Consider spending a little more and getting a tablet. You can do so much more. If you've got sufficient data with your mobile carrier, I find it's a life saver. Otherwise, I'd go with a Kobo, if you just want a dedicated ereader.


----------



## TheGapBetweenMerlons

My sons have NOOK tablets (Samsung Galaxy Tab 4, currently with a $50 rebate) and they love 'em. They _{ahem}_ don't use them for reading books much, but the tablets work fine for reading an ePUB, and not just books bought through B&N. I can email them a draft I'm working on and it's apparently smoothly added to their library when they open the attachment.

And Snapchat works...


----------



## WDR

Go with the Kobo for a dedicated ePub-file reader.

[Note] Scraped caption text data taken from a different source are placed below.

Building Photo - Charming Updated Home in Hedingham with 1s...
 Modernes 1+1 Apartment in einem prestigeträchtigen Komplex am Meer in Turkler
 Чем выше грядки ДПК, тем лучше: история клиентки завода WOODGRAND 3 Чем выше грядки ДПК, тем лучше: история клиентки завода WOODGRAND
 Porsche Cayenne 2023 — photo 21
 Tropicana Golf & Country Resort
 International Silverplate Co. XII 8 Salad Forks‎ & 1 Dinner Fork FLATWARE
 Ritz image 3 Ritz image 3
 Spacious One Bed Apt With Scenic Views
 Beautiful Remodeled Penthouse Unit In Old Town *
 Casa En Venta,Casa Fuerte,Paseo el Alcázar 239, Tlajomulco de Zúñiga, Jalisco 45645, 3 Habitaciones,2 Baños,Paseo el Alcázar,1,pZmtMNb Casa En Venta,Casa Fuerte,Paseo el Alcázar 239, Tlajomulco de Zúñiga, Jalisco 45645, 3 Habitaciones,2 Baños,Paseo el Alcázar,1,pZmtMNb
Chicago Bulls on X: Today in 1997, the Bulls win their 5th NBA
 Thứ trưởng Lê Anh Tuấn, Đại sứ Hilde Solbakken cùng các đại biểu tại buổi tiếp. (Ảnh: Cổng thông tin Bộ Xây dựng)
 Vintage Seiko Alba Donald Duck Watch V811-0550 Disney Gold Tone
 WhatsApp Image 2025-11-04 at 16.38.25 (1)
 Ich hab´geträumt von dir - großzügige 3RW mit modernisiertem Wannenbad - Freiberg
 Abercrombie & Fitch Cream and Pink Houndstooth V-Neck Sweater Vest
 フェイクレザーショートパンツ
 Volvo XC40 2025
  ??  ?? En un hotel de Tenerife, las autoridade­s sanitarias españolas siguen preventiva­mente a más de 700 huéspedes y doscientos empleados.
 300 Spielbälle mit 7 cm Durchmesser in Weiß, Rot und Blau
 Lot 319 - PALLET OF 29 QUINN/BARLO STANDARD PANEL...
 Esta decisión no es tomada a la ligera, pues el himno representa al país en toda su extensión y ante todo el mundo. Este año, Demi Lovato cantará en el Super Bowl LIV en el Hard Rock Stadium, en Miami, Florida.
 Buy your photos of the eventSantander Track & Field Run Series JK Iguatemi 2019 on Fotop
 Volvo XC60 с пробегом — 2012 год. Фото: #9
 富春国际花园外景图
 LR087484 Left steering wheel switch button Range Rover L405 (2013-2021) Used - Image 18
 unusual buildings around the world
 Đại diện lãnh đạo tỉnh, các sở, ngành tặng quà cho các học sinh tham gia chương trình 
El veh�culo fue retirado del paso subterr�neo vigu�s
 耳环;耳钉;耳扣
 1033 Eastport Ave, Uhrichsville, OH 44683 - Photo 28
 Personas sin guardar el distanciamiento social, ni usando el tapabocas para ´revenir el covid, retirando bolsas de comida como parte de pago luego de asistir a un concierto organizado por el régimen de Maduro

It uses the same eInk screen as the Amazon Kindle Page White, so the quality of the text is excellent. You can turn off the backlight completely when not needed. Also, I find the library interface on the Kobo to be better than the Amazon or Nook.

When I go camping or day riding, it is the Kobo I take with me for reading when I'm relaxing.


----------



## booklover888

Vicki G. said:


> Does going through Overdrive mean you can borrow books directly from the Kobo? I have no problem using PC and USB, just wondering. Thanks again.


I am not sure, as I don't like turning on wifi on my Kobo. If I recall, only the Sony T series could borrow directly from the device. That may have changed.

Yes tablets can do it and are multi purpose devices....I really prefer my single purpose e-ink devices. I love the size of my Kobo Aura. If the Kobo Mini was lighted, it would be even better. If Amazon would make a Aura or Mini sized eink reader, I would have one. Even the Voyage is too large, compared to them.


----------



## Vicki G.

WDR said:


> Also, I find the library interface on the Kobo to be better than the Amazon or Nook.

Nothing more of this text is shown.